Take the NFL. It recently retained former SEC chairperson and former U.S. Attorney Mary Jo White to scrutinize a new set of sexual misconduct allegations against the Washington Commanders and owner Daniel Snyder. The league also turned to White in 2018, when multiple women who worked for the Carolina Panthers accused then-owner Jerry Richardson of unwelcomed sexual contact. Richardson was further alleged to have said a racial slur in the presence of a black scout.
The recently renamed Commanders have provided no shortage of legal work in recent years. In 2020, the NFL relied on former federal prosecutor Beth Wilkinson, who in the 1990s successfully argued for the execution of Oklahoma City bomber Timothy McVeigh, to investigate allegations of team executives sexually harassing women.
The NFL has retained high-ranking women attorneys in other types of controversies, too. Earlier this month, the league hired former U.S. Attorney General Loretta Lynch, who made civil rights a focus of her tenure at the Justice Department, to lead its legal defense against Brian Flores’ civil rights lawsuit.
The NFL isn’t the only sports organization retaining women attorneys to lead probes into workplace controversies.

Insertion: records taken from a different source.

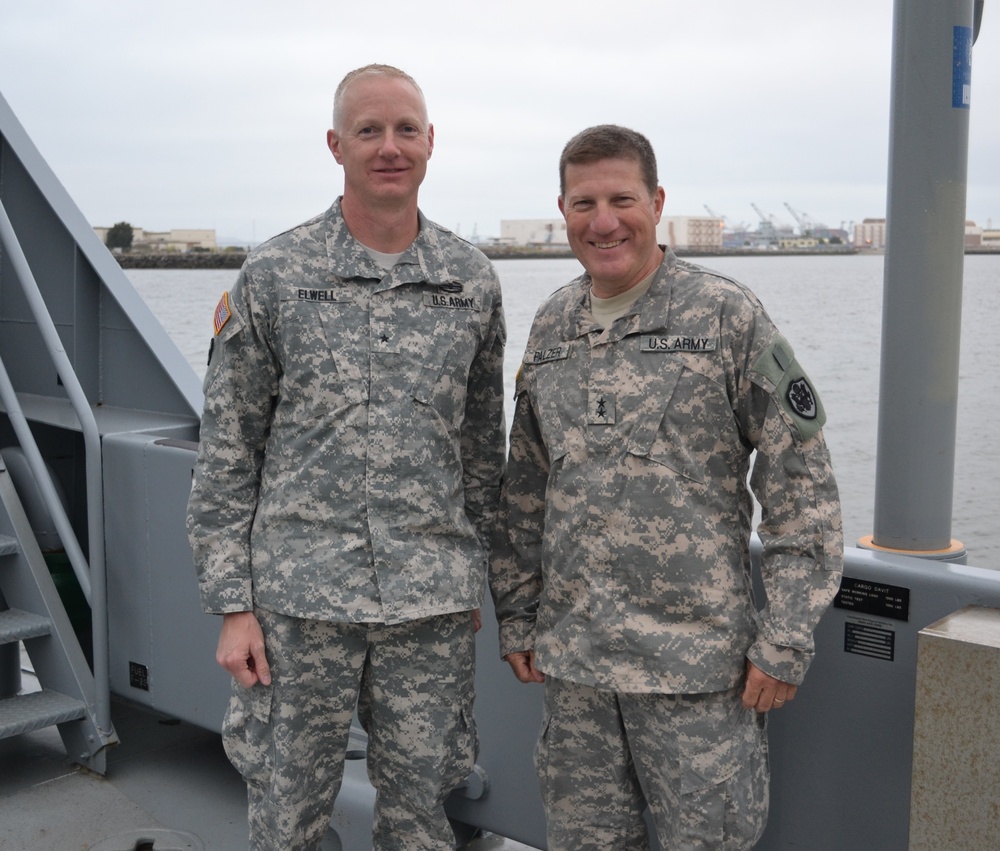 Maj. Gen. Palzer visits Brig. Gen. Elwell at BLW15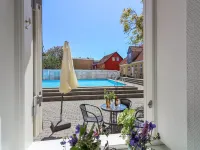 "Thyrne" - 500m from the Sea - Pools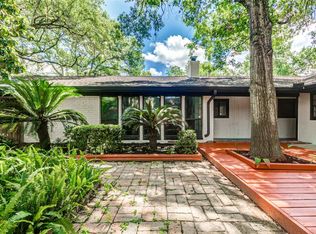 8019 Burning Hills Dr, Houston, TX 77071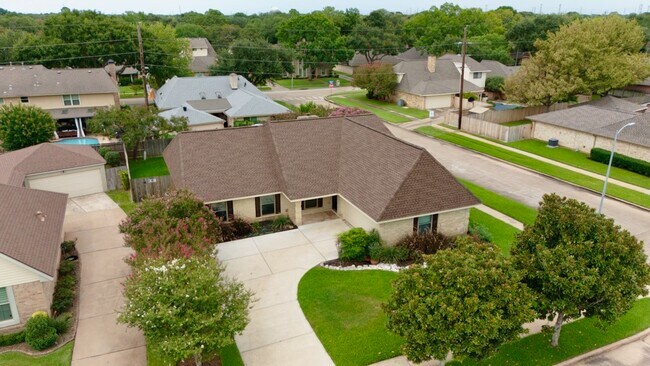 Building Photo - 2931 Pasture Ln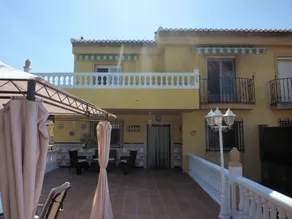 Modern Holiday Home in El Puntal with Swimming Pool - Image 3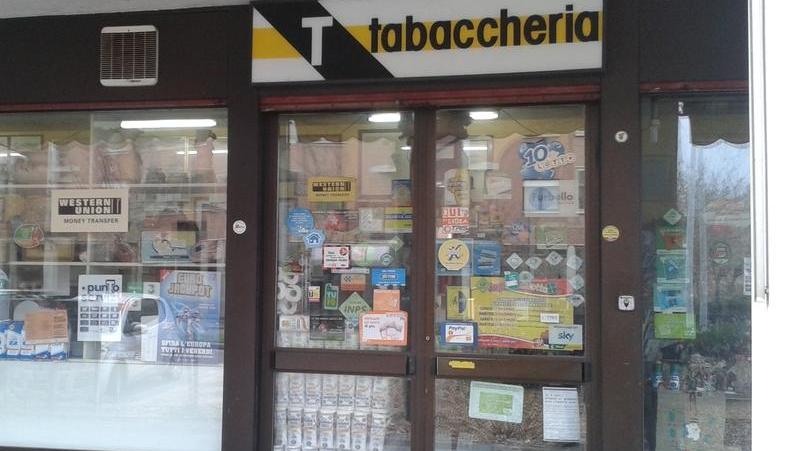 Via Dalla Chiesa: siamo esasperati dai furti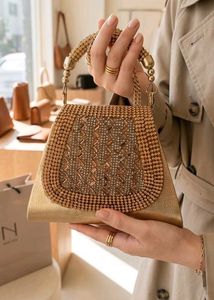 this is  weeding unique clutch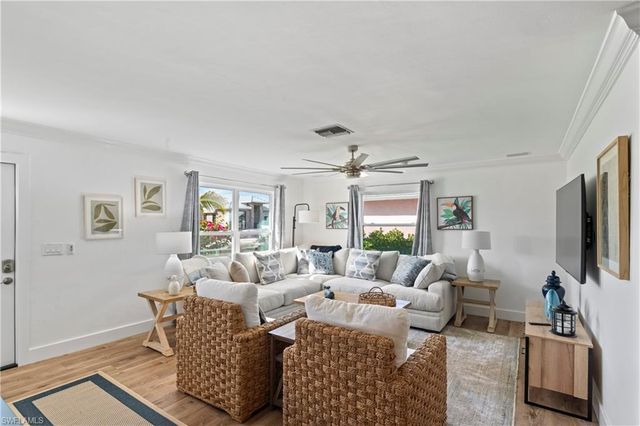 543 107th AVE N, Naples, FL 34108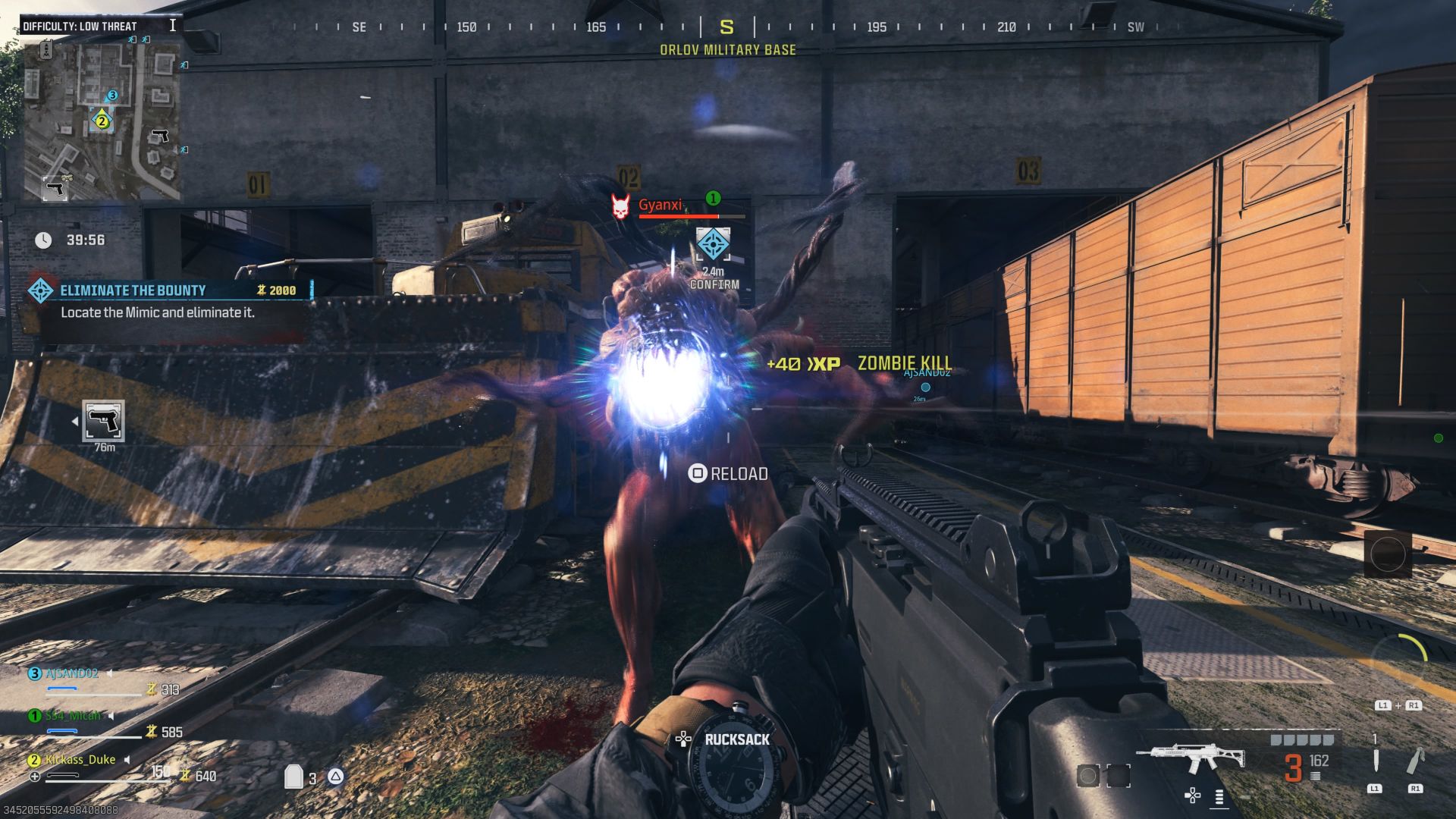 Ein Screenshot aus dem Zombie-Modus von Call of Duty Modern Warefare 3 zeigt einen mimischen Boss, der mit einem leuchtenden Licht in der Mitte und ausgestreckten fleischigen Ranken auf den Spieler zuläuft.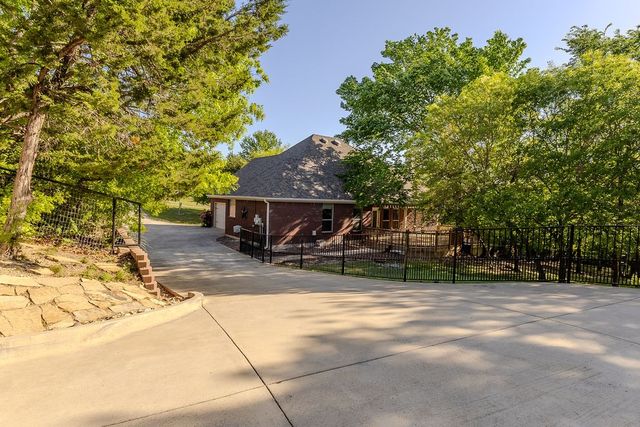 129 Horizon Circle, Azle, TX 76020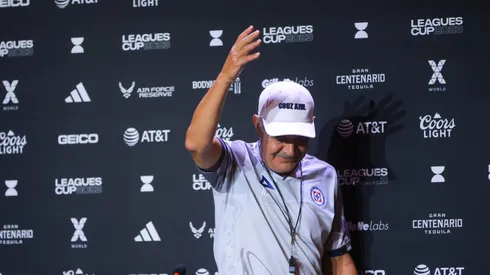 Los dos futbolistas colombianos viven momentos distintos en la actualidad de los cementeros.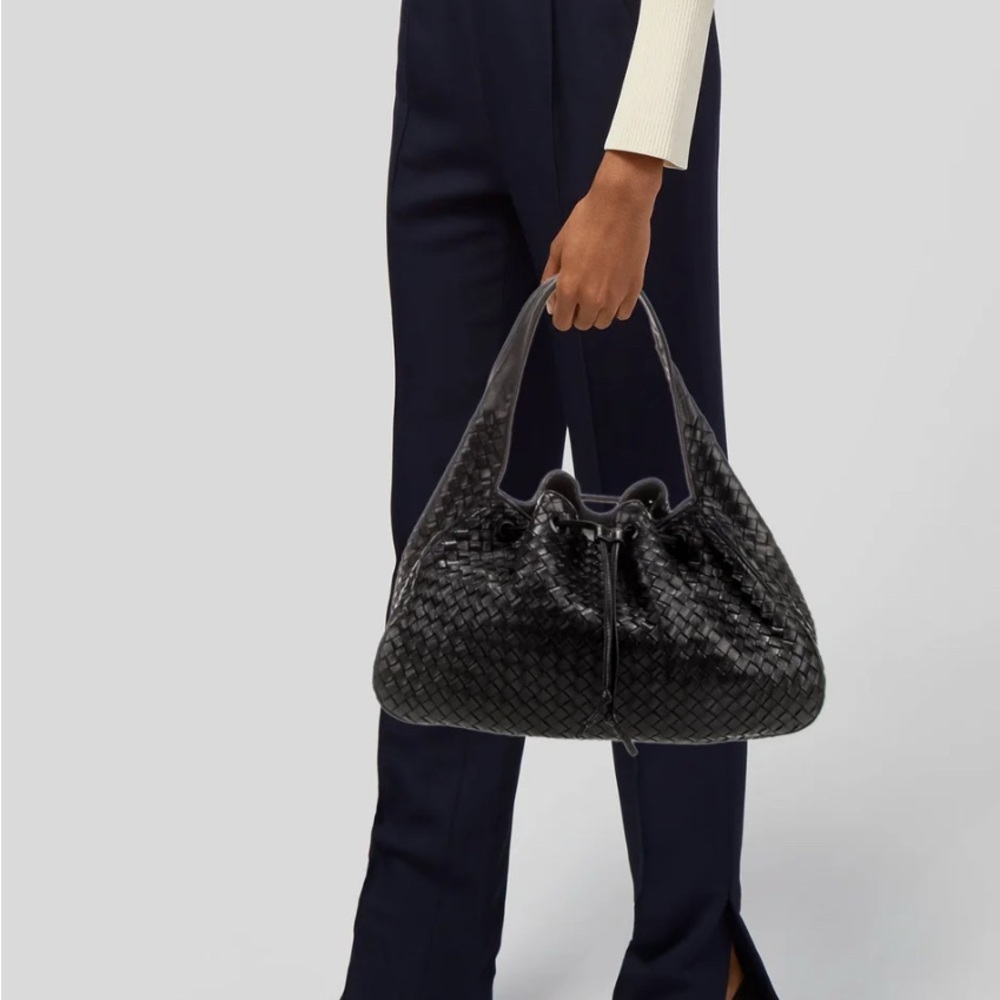 Bottega Veneta
Intrecciato Hobo Vintage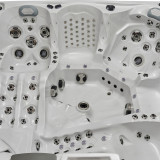 Spa 5 places California MAX  avec pompe a chaleur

Last year, U.S. Soccer hired former Acting U.S. Attorney General Sally Yates to explore claims that National Women Soccer League players were subject to verbal and sexual abuse by coaches. In 2018, the Dallas Mavericks, under the guidance of the NBA, retained former New Jersey Attorney General Anne Milgram (along with former Manhattan prosecutor Evan Krutoy) to evaluate allegations that team executives sexually harassed women.
These choices reflect a movement in the industry and trends in legal education. In 2016, for the first time in history, women made up half of all law students. Data indicates they now outnumber men. This signals how more women will enter the legal profession. Many will include sports law among their areas of expertise.
Sue Ann Van Dermyden, whom the Sacramento Kings brought in to investigate coach Luke Walton for alleged sexual misconduct, sees not only leagues but employers more generally hiring women to lead workplace investigations.
“They are high-powered, highly skilled individuals, first and foremost,” Van Dermyden stressed in a phone interview. “It may also be from the employer side that the optics look better to have a woman leading an investigation into a sexual harassment complaint. Optics can play a role.”
Van Dermyden, a founding member and past president of the Association of Workplace Investigators, also draws attention to how employers can best uncover wrongdoing and encourage accusers to come forward.
“There might be a trust level with women complainants,” she said, “when women are also the investigators.”
Vered Yakovee, a former attorney for the Boston Celtics and Miami Heat, similarly emphasized that competence is the most significant explanation in this trend.
Leagues, Yakovee said in an interview, have hired high-profile women attorneys “because they are qualified based on their relevant experience and otherwise illustrious careers.” At the same, Yakovee recognized that “some may say that women are hired in these roles for other reasons.” To illustrate, she observed that “a sports entity may hope that it will be fully or partially exonerated by virtue of an investigation.” She added, “when such investigation involves alleged offenses toward women, the entity may hope that any level of exoneration by a woman’s investigation will have more persuasive value vis-à-vis the public than that of a man.”
Nancy Hogshead-Makar, a sports attorney with expertise in sexual harassment, abuse and legal enforcement under Title IX, regards the trend as “a natural direction following research on the way women lead. They ask different questions and have different priorities,” she said.
“They’re able to find the blind spots that plague sports,” Hogshead-Makar added. “We know that male-dominated spaces have a hard time seeing their own sexism from inside the bubble.”
A winner of three gold medals and one silver medal in swimming at the 1984 Olympics, Hogshead-Makar cautioned that “group-think within the sports bubble” as “heavy” and problematic. However, “women lawyers hired from outside the sports house, with a broad range of investigatory experience, may be able to burst the logjam that gets sports leagues into trouble in the first place.”